#### [PROVIDED RECORDS]

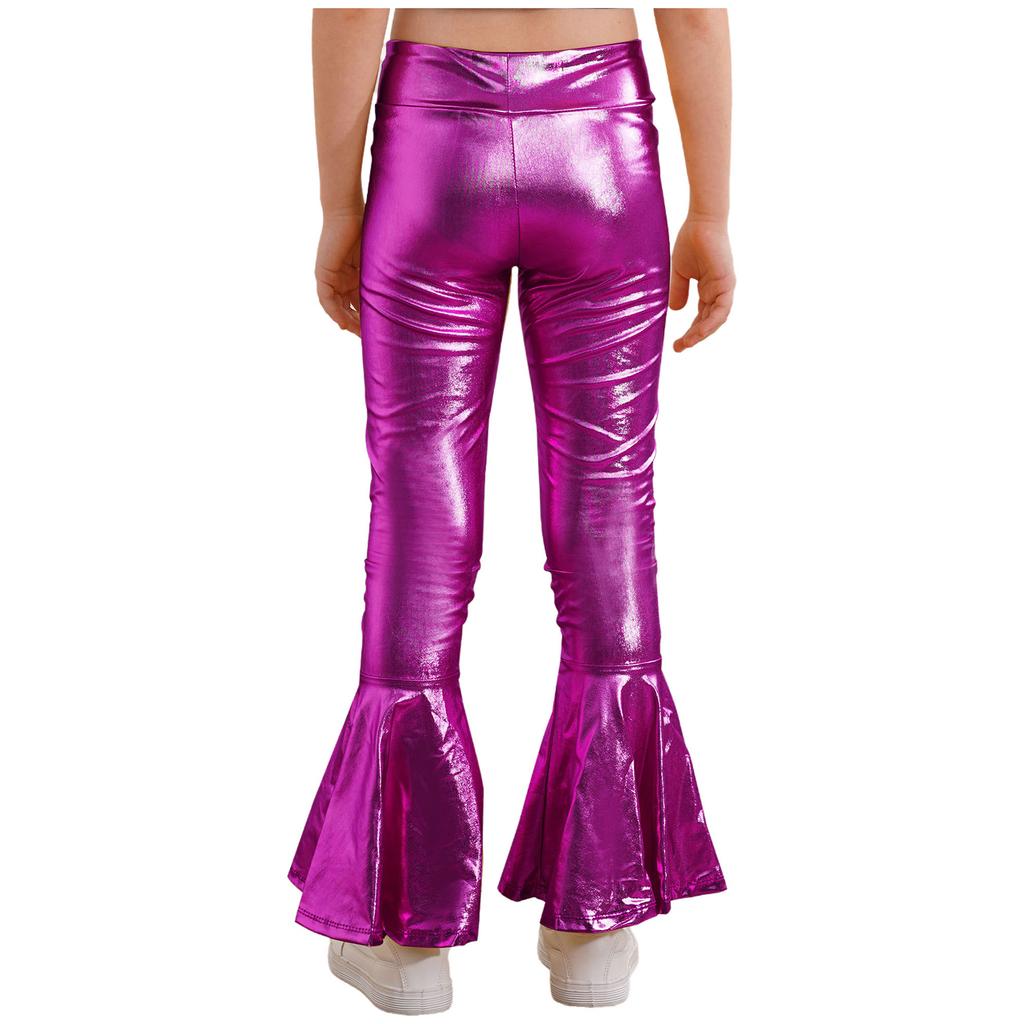 Girls Performance Pants Elastic Waistband Bronzing Cloth High Waist Design Ruffle Hem Bell Bottom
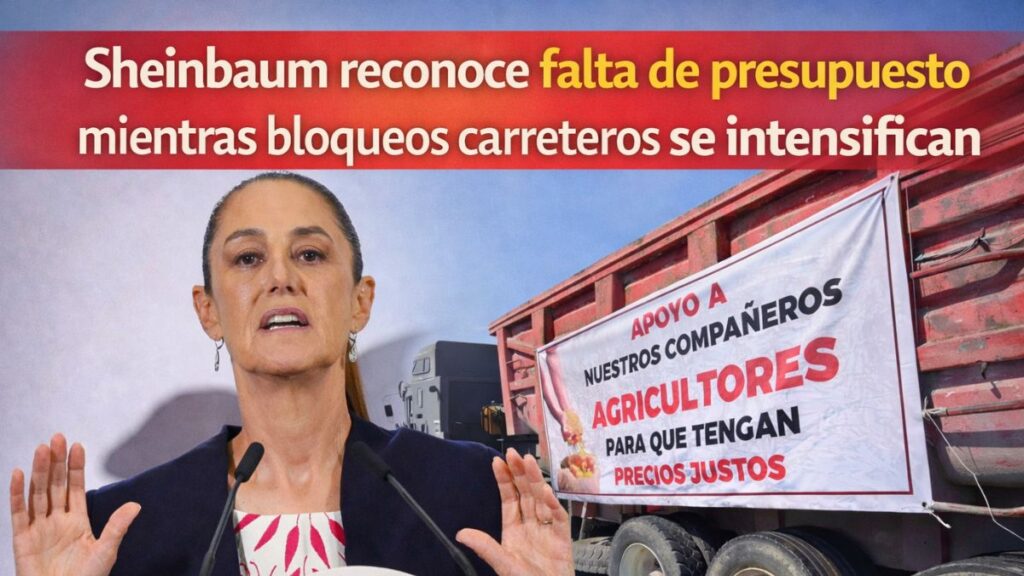 Sheinbaum reconoce falta de presupuesto mientras bloqueos carreteros se intensifican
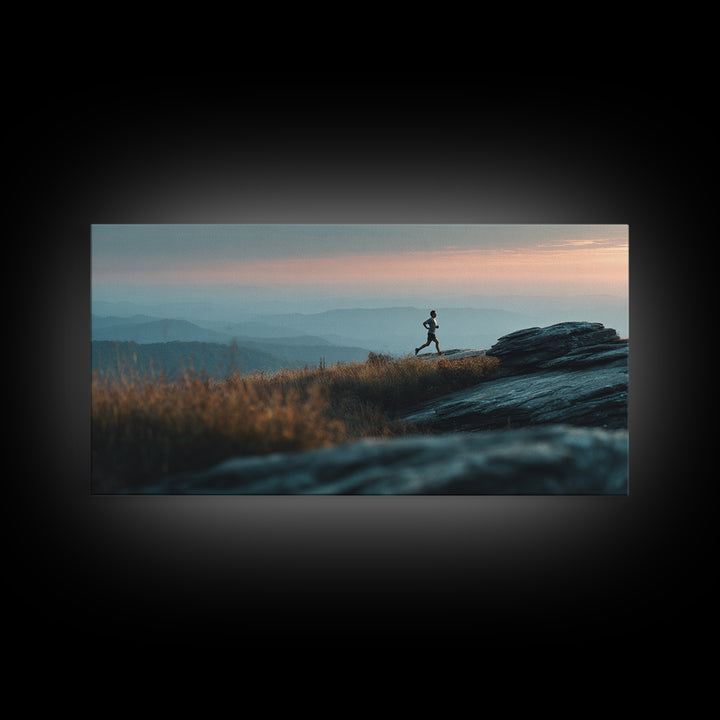 Mountain Trail Runner Framed Canvas Print, Fitness Studio Art, Minimalist Art Print, Gym Decor, Fine Art, Motion, Home Decor, FSA-2x1-96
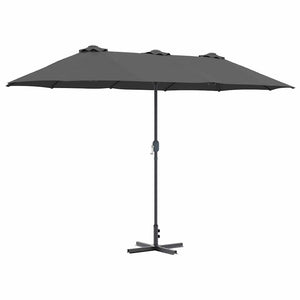 vidaXL Ombrello da giardino Antracite 370 x 197 x 239 cm
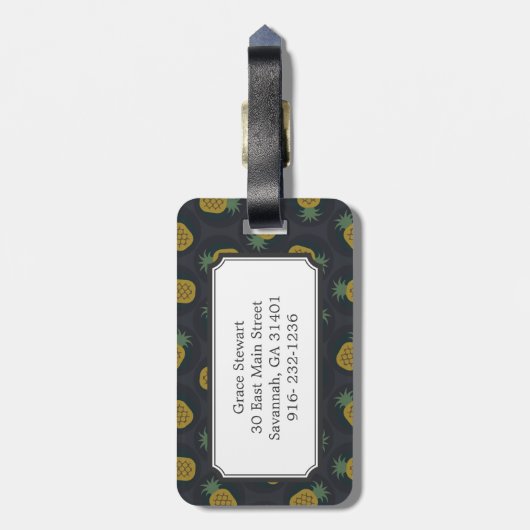 Monogram van de retro black gold pineappelpatronen bagagelabel (Achterkant verticaal)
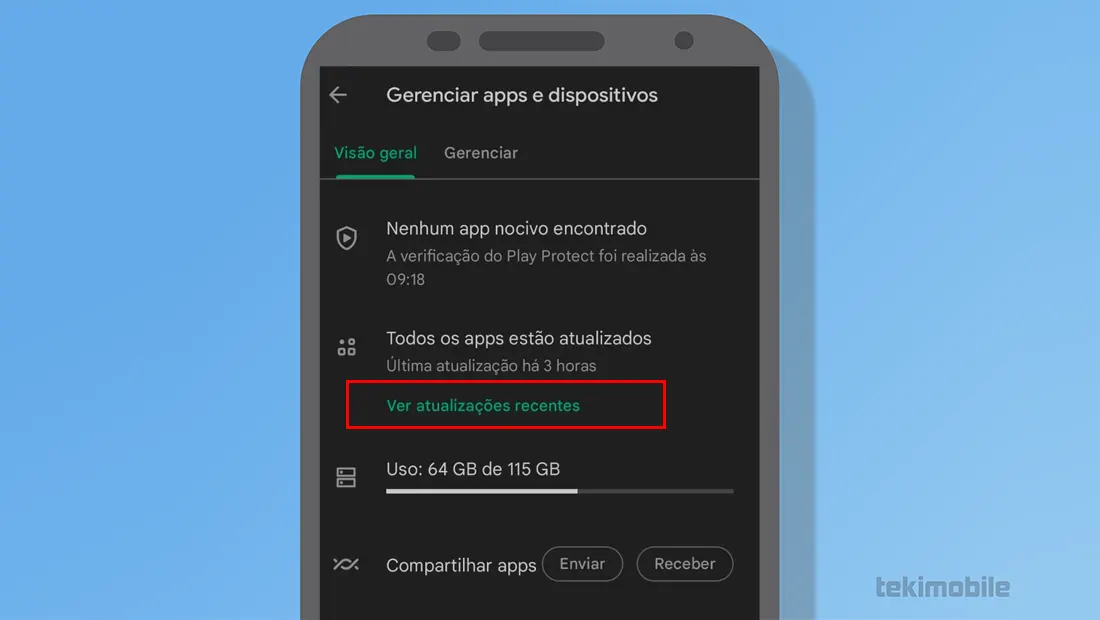 Toque em Ver atualizações recentes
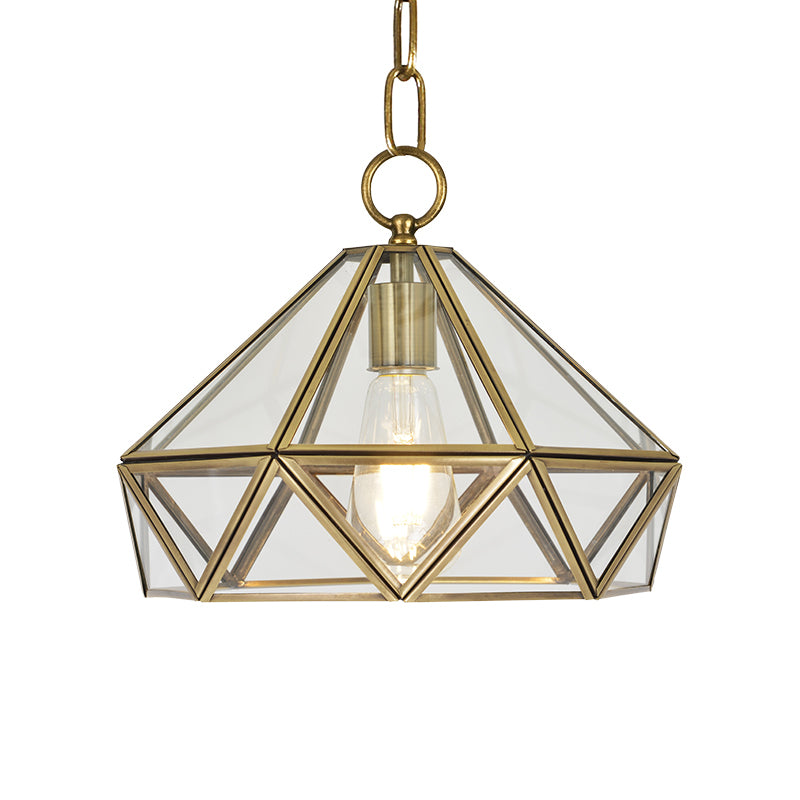 Colonial Diamond Shape Pendant Lighting 1 Bulb Clear Glass Ceiling Hang Fixture in Brass for Bedroom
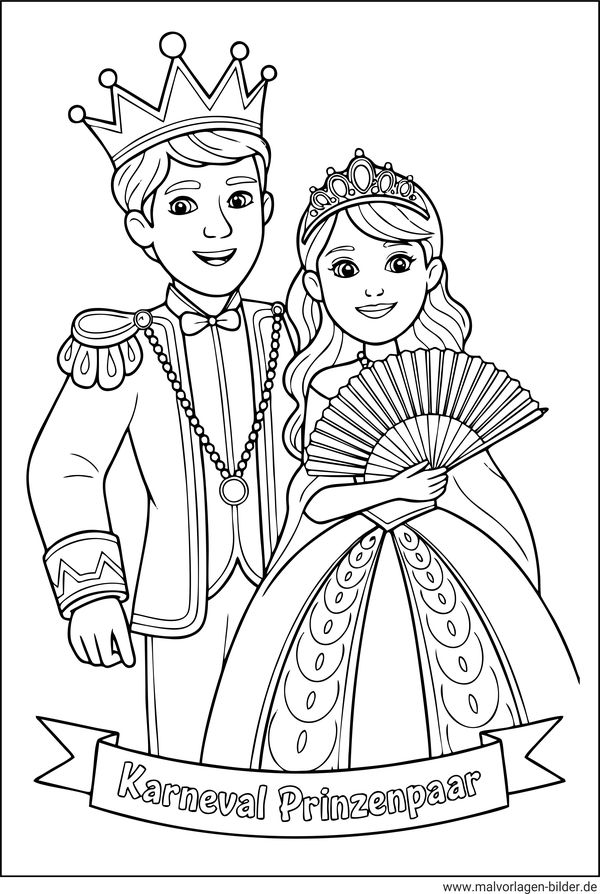 Fasching Prinzenpaar Ausmalbild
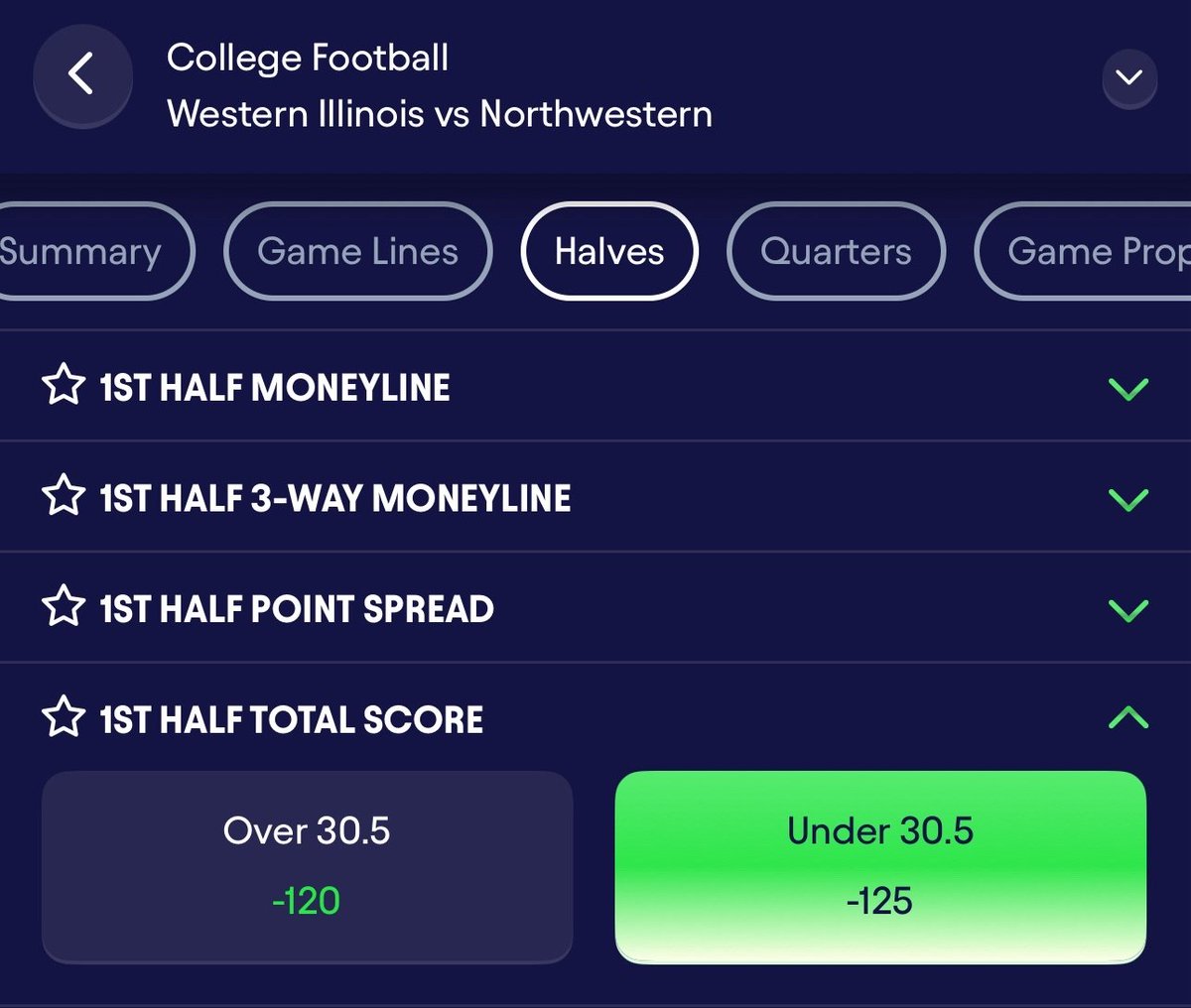 PropGeekZeke's tweet image. CFB FREE PLAY 🚀🏈
Northwestern vs Western Illinois UNDER 30.5 1st Half Total ☢️🔒
$100 to 2 people who LIKE+RT & drop cashapp/paypal when we CASH!👇🏼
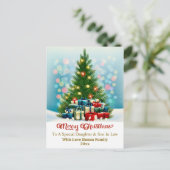 Elegant Family Holiday Present I Christmas Tree シーズンポストカード (スタンド正面)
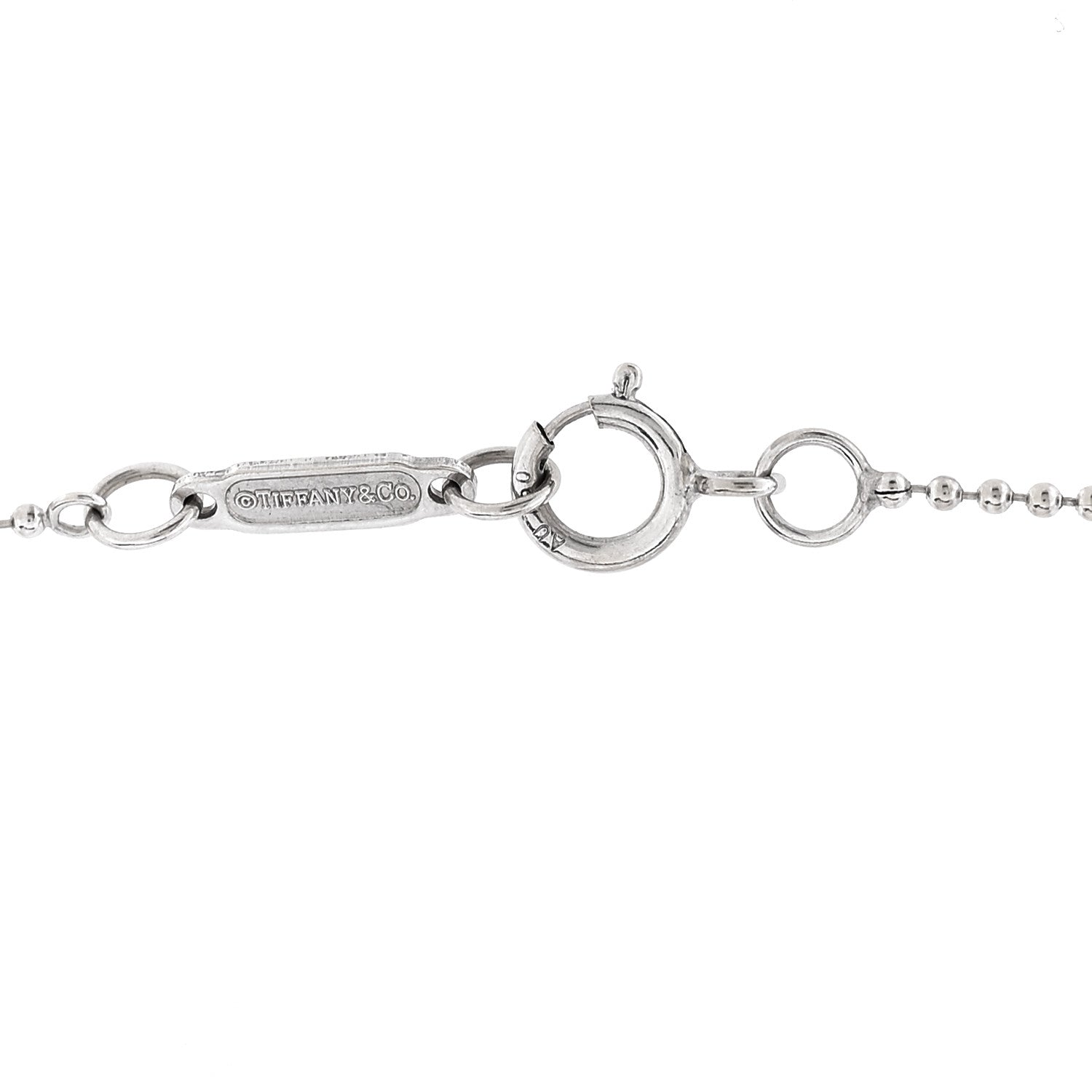 Tiffany 18K White Gold Diamond Crown Key Pendant Necklace 5 of 7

#### [EXERCISE]
Starting at the first line of the material, output exactly the lines up to and including the one with "Toque em Ver atualizações recentes". Do not include the pictures.

#### [RESPONSE BOX]
 Girls Performance Pants Elastic Waistband Bronzing Cloth High Waist Design Ruffle Hem Bell Bottom
 Sheinbaum reconoce falta de presupuesto mientras bloqueos carreteros se intensifican
 Mountain Trail Runner Framed Canvas Print, Fitness Studio Art, Minimalist Art Print, Gym Decor, Fine Art, Motion, Home Decor, FSA-2x1-96
 vidaXL Ombrello da giardino Antracite 370 x 197 x 239 cm
 Monogram van de retro black gold pineappelpatronen bagagelabel (Achterkant verticaal)
 Toque em Ver atualizações recentes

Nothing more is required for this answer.